To me, confounding, aliasing, and correlation are NOT the same.  When setting up a DOE, the column signs can be multiplied, and the resulting sign being another column which can be used for another factor.  Thus that factor is "aliased" by the new column.  For example, you might decide that a three-way interaction between X1, X2, and X3 is very unlikely, so you set a column by multiplying the signs of those three factors and use the column for a 4th factor.

Confounding is when the signs of some columns happen to be the same.  For example, you might find that when setting up the trial matrix, the interaction column X1X2 might have the same signs as X2X3X4.  In other words, the effect of X1X2 cannot be separated from the effect of X2X3X4 - they are confounded.

Correlation is different in that two (or more) factors tend to move together or in opposing paths together.  Remember that correlation does not mean "cause and effect".  There may be other factors that cause the two (or more) correlated factors to move the way they do.

My simplistic way of thinking of these concepts is as follows:

A two step workflow is involved:

Step 1: Evaluate a design for the presence of confounding and aliasing among any effects which are intended to be estimated. I consider this action and the phrases to be synonymous. Kind of like asking, "Are you pregnant/expecting a baby?"...either you are or are not. That is, any one design either has confounding/aliasing present for at least one effect or it does not. Then, if the answer is no. Stop...there is zero correlation between any two effects. If the answer is "Yes, there is confounding or correlation within this design." Then proceed to step 2.

Step 2: The next logical question is which effects are confounded or aliased with which? And what is the degree of bias associated with these effects? That's where correlation comes in. Which is why many find the JMP Color Map on Correlations a great visual aid to evaluate a design. Correlation is a measure of the bias associated with parameter estimates.

There is an explanation of these issues in the JMP version 12 native Help with the software if you just invoke from the JMP main menu:

Help -> Search the Help, enter Design Evaluation Window in the Search field, and select the topic Design Evaluation Window.

The Color Map on Correlations gives you an idea as to the relationship between the effects in your model and those that are not in your model, but may have an effect on the response (alias terms). In addition to the DOE guide mentioned above, you can take a look at this blog: Correlation cell plot for design comparison in JMP

Confounding of two effects means that there's no way to distinguish between the two effects. Follow-up runs would be needed to differentiate these effects, and/or assumptions will need to be made about which effects are negligible. You will see this also called aliasing, but I like to think of this as full aliasing. You can have partial aliasing, where the effects are neither orthogonal nor fully aliased/confounded (think of entries in the Color Map on Correlations that are not 0 or 1).

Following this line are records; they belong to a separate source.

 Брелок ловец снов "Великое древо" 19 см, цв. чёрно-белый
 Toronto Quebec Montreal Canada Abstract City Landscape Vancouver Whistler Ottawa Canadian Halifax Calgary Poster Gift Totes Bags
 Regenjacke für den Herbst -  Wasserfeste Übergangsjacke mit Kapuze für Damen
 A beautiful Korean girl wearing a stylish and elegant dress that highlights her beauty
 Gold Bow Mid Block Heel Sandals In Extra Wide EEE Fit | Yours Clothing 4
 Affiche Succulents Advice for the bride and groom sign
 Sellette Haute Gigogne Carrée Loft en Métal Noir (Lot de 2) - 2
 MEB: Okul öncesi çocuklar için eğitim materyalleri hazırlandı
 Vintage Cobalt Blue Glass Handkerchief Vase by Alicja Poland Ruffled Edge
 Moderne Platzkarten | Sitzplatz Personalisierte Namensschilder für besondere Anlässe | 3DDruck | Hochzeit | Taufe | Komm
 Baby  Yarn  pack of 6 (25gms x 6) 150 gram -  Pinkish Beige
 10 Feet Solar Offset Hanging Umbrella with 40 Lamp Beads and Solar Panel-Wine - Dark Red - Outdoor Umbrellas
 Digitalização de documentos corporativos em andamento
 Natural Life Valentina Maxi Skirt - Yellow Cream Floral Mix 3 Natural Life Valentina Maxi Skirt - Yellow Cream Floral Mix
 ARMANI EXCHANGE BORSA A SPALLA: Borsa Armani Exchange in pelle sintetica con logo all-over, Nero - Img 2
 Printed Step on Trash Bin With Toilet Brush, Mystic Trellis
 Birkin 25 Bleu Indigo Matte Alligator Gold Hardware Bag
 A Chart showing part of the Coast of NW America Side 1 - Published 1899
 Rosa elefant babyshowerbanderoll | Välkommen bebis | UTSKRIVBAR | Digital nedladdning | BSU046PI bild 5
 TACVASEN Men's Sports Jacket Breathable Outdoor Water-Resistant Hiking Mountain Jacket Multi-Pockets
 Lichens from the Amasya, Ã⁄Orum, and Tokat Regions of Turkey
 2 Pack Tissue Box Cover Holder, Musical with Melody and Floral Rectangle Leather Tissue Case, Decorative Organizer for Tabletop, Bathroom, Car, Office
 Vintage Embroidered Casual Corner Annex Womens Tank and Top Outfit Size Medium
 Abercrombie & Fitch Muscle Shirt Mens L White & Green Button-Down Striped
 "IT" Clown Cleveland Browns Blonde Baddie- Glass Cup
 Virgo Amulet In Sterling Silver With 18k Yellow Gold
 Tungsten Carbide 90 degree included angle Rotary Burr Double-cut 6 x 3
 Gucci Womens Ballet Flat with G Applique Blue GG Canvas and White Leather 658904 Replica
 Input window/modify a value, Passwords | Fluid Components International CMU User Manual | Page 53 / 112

The Alias Matrix reflects the degree to which effects not in the model can bias the effect estimates. If you have partial aliasing for effects in the model, your standard errors for effect estimates are larger. More information in this blog: http://blogs.sas.com/content/jmp/2014/06/05/what-is-an-alias-matrix/

Hope that helps clarify things.

Cheers,

Ryan

Below is a picture of what Aliasing/Confounding looks like for 2 level continuous factors.  Multiply the signs of the main effects as shown to get the corresponding sign for that interaction.  * = for Row 1 X1*X2 as an example.  As you can see in the picture each main effect is completely confounded with one of the interaction terms which illustrates what has been stated above. So, you could not reliably use the interaction terms in your model knowing there is no distinction between the main effect and it's corresponding (color) interaction term.

I probably didn't state my question well. I understand the color correlation maps, but find that in many cases the three terms I mentioned are used almost as if they are different names for the same thing.

Specifically, are these three statements all saying the same thing about some design I might have created?

1) there is a correlation between X1 and X3

2) there is confounding between X1 and X3

3) X1 and X3 are aliased

Sometimes, when reading a post or some documentation, I've seen these terms interchanged even in the same paragraph.